Ryeon umedeceu os lábios, soltando a mão direita da garota e afagando sua bochecha. Fazendo-a fechar os olhos em instantâneo e derretendo-se como sempre se derreteu.
ㅡ Eu sou e sempre fui apaixonado por você. Pelo que você é. Por seu sorriso e por suas palavras bobas. Por suas piadas sem sentido ou suas reclamações sobre minha bagunça.
Lucy abriu os olhos, sentindo como se um ímã aproximasse seu corpo do de Ryeon, e viu-o parar a centímetros de distância.
ㅡ Você gosta de mim? ㅡ perguntou Ryeon.
A garota assentiu sem protestar, rendida demais, e focada apenas nos lábios do outro.
Talvez, o pedido de Jaesun fosse atendido.
E Ryeon sentia seu corpo ferver, ansiando para tocá-la.
ㅡ Então, você não ficará brava comigo caso eu te beije, não é?
Lucy sorriu, fechando sutilmente seus olhos e fazendo as bolsinhas cujo Ryeon faltava para morrer de amores aparecer.
ㅡ Você está se referindo a mim no feminino.
Foi impossível para a garota não notar a sutil mudança. Fazia tanta, mas tanta diferença.
ㅡ Você pode me beijar. ㅡ confessou-o.
Ryeon então ergueu sua mão esquerda, prendendo Lucy ali, e sorrindo ao ver o sorriso dela outra vez.
As bocas tocaram-se sutilmente, em um selar casto.
Os pulmões de ambos liberaram o ar preso, e como impulso, as línguas tomaram passe para se encontrarem.
Lucy deleitava-se no toque sutil e calmo de Ryeon. Sentia-o afagar seu rosto com cautela, e sentia o modo em como suas mãos tremiam.
E foi então que ela decidiu tocá-la.
Tocou uma das mãos de Ryeon em si, confirmando o toque, e sorriu entre o beijo, totalmente boba.
Ryeon também sorriu, descendo a mão por a nuca livre dela, sentindo-a inclinar a cabeça e dar mais intensidade ao toque.
Tudo o que passava na mente da garota era como aquele toque era realmente o seu favorito no mundo todo.

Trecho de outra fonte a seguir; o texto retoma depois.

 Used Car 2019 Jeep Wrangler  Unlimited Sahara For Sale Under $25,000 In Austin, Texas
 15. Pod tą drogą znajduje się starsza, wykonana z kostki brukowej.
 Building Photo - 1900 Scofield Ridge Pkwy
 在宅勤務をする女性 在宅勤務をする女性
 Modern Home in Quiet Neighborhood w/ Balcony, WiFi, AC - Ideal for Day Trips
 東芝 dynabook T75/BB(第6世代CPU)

Talvez no sistema solar todo.
Não queria mais largar da boca de Ryeon, e intensificava a cada vez que o toque tomava um rumo calmo.

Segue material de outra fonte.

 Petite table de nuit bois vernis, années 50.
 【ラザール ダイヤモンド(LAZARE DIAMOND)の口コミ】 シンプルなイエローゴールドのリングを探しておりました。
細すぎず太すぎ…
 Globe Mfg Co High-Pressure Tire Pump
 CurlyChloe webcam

Mas Ryeon precisava de ar. Já bastava o nervosismo completo que sentia, se faltasse o ar com certeza ele desmaiaria.
E ele não pretendia finalizar a noite com algo trágico, então ainda calmo, deslizou sua boca por a dela, finalizando com o lábio inferior da garota entre seus dentes, e um selar longo logo em seguida.
E Lucy ainda se mantinha inerte ao mundo.
Abriu os olhos ainda vendo Ryeon perto demais de si e não conteve o riso.
ㅡ Eu não sei como fiquei tanto tempo sem te beijar. ㅡ confessou Ryeon. ㅡ eu quero te beijar todos os dias.
Lucy negou, sorrindo mais, e afastando-se para prender atrás de sua orelha alguns fios de cabelo que haviam soltado com os toques de Ryeon.
ㅡ Você não pode. ㅡ falou.
ㅡ Eu sei. ㅡ ele disse, tornando a ajeitar-se. Vendo-a tornar ao seu semblante tímida. ㅡ Mas eu sou apaixonado por você, o que posso fazer?
Desta vez, a garota não conseguia mais fitar Ryeon de volta, pois sabia que ele estaria com seu sorriso cafajeste e conquistador.
Ela não conseguia resistir a nenhum dos sorrisos de Ryeon.
Mas sentiu-o segurar sua mão, entrelaçando os dedos, a fazendo olhar.
ㅡ Se não posso te beijar todos os dias, ao menos posso te beijar por mais alguns minutos hoje?
Lucy olhou para seu celular. Havia dito à sua mãe que retornaria à casa às dez, e as horas ali ainda marcavam seis.
Tímida, ela deu de ombros. Lucy ainda poderia beijar Ryeon por muitas horas, mas não falaria tal coisa a ele.
Mas Ryeon sorrateiramente voltou a aproximar-se, sorrindo ainda com a mão entrelaçada à dela, e roubou-lhe um selar na bochecha.
ㅡ Ainda quer assistir ao filme?
A garota negou de prontidão, olhando Ryeon de relance e beijando-o na boca em um selinho.
Um completo impulso seu.
E aquilo foi à deixa que Ryeon precisou para retomar os beijos que queria tanto dar.
A noite ainda teria muitas horas para chegar ao fim para ambos, mas os dois não estavam ligando muito para nada. Isso era até bom, já que teriam tempo suficiente para dar mais beijos.
E tudo o que eles queriam era isso. Apenas isso.
Queriam perder-se em suspiros e gostos, sorrindo a cada pausa, e saboreando-se a cada segundo.
Já que para eles, os segundos eram tudo o que tinham ali.